Él movía sus pulgares, acariciando con dulzura esa parte de la mano que no es aún índice ni palma. Ella recorría firme los nudillos del anular y del medio. Entretanto hablaba ella sobre una tierra salvaje e inconquistada, él miraba fijamente la nariz recta del joven cenando a su derecha. Así, cuando él hablaba de la pieza de ajedrez de ónix que se había quebrado el día anterior, ella dejaba sin descaro descansar sus ojos en el vientre plano de la morena.  Durante su esquiva escucha y su mirada atenta, sus manos listas, lisas, seda bailaban en trance sobre palma y dorso, y muñeca y carpo.
Por fin se levantaron impúdicos de sus asientos, los dedos de él buscando las piernas de ella; los dedos de ella buscando el pecho de él. Él dijo unas palabras mientras veía la mesa ajena. Ella dijo unas palabras mientras veía la otra mesa.

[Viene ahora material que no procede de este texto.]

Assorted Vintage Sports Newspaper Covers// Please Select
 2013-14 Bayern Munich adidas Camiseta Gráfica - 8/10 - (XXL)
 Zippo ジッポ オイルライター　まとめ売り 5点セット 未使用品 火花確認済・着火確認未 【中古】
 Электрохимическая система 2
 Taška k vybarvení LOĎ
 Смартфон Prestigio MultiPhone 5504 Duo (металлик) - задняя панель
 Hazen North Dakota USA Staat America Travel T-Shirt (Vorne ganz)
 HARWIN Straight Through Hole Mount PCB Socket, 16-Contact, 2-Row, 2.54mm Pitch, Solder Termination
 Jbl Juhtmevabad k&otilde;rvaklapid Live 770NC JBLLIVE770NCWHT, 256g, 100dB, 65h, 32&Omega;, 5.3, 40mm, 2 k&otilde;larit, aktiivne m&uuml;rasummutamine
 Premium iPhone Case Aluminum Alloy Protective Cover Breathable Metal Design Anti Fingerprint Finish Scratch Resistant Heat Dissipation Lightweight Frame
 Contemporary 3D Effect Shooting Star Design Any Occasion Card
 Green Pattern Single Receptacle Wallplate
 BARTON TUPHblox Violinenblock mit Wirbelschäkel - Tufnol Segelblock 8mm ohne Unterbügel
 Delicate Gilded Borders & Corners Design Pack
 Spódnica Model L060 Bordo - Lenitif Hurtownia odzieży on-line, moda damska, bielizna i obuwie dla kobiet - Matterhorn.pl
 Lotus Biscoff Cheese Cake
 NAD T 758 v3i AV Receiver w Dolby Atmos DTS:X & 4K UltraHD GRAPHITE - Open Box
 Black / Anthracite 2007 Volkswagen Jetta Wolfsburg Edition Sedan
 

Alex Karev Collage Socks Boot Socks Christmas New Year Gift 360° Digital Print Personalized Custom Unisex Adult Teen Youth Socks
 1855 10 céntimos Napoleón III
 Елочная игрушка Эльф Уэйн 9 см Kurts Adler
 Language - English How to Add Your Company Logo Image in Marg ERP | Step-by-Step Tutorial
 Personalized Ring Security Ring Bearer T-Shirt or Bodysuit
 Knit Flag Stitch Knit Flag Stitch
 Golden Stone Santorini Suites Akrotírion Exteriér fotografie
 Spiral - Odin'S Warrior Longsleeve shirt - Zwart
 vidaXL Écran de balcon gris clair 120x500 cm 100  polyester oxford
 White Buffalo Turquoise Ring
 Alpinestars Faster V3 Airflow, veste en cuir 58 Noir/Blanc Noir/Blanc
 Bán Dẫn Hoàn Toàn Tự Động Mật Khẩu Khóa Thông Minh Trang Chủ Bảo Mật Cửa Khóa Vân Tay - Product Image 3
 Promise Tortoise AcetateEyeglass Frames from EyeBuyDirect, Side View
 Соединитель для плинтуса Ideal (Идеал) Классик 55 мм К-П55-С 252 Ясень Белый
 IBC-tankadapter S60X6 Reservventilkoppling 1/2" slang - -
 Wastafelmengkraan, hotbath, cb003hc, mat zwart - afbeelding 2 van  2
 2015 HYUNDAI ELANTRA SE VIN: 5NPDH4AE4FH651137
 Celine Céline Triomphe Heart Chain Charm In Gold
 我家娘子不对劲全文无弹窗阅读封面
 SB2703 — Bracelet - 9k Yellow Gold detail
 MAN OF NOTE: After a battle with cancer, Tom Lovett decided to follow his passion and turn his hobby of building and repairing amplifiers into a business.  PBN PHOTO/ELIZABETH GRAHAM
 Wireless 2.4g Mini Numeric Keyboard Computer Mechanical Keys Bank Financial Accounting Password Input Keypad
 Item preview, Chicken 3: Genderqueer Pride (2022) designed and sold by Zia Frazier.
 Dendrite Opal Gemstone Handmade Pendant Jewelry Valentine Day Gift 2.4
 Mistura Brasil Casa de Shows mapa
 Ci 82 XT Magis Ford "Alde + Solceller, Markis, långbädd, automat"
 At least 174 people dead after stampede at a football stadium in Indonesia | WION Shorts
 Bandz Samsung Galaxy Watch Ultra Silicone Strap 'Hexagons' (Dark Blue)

Ya no lo escuchó ella. Ya no la escuchó él. Caminaron sin reparos a la mesa de su derecha y extendieron sus brazos y prendieron ella a ella, él a él. Y durante un segundo no hubo más que ver pues con los ojos cerrados: Ella la besó; Él lo besó. Los ojos verdes parpadearon y se dejaron llevar por el dulce sabor de una voz salvaje y silenciosa. El ritmo caótico de los brazos fue recíproco y se asió justo encima del reloj antiguo. Los cuerpos se unieron al tiempo en cada lado de la mesa. Ella veía en una luz lila y de cobalto como él besaba. Él veía quebrarse bajo el beso apasionado de ella a la joven ónix.  Ella buscó con los dedos el pecho de ella, los dedos de él buscando del otro las piernas.